Using the kNN algorithm on this dataset, we were able to achieve an error rate of 1.05%.

### Next Steps

We can 
- vary k to see how this changes
- modify the handwritingClassTest() function to randomly select training examples, i.e., vary the number of training examples and see how that impacts the error rate
- apply kD-trees, a modification of kNN, which reduces the number of calculations.

### Summary

The k-Nearest Neighbors algorithm is a simple and effective way to classify data. The examples in this chapter should be evidence of how powerful a classifier it is. 
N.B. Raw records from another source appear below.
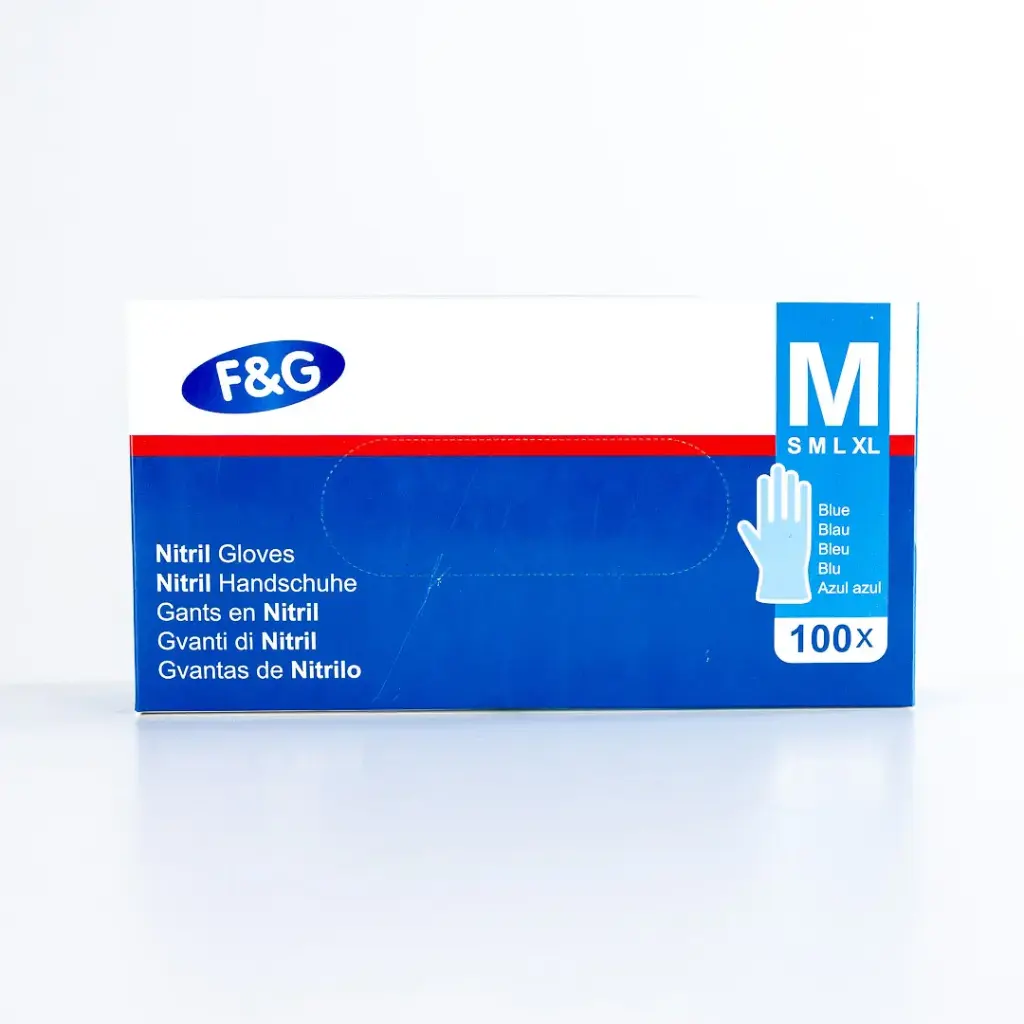 Gants nitrile jetables bleus M – sans poudre, sans latex – F&G – 10 x 100 pcs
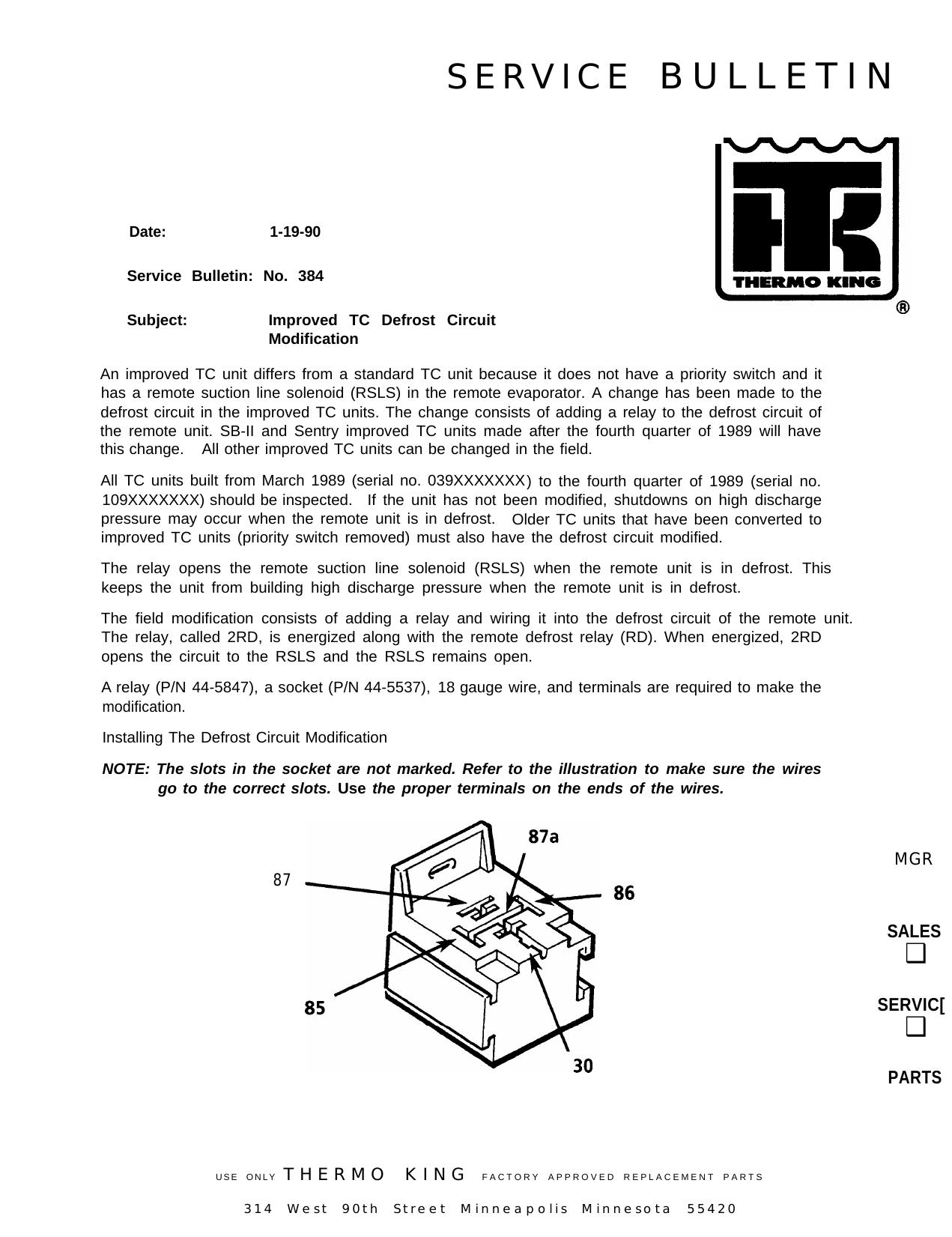 Improved TC Defrost Circuit Modification by Thermo King Service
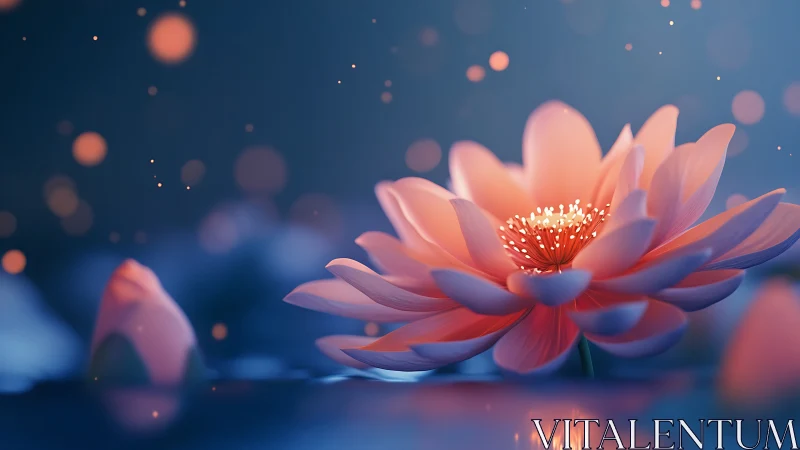 Luminous coral-hued lotus flower rendered with bokeh particle effects.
kNN is an example of instance-based learning, where we need to have instances of data close at hand to perform the machine learning algorithm. The algorithm has to carry around the full dataset; for large datasets, this implies a large amount of storage. In addition, we need to calculate the distance measurement for every piece of data in the database, and this can be cumbersome. 

An additional drawback is that kNN doesn’t give us any idea of the underlying structure of the data; we have no idea what an *average* or *exemplar* instance from each class looks like. 

In the next chapter, we’ll address this issue by exploring ways in which probability measurements can help us do classification.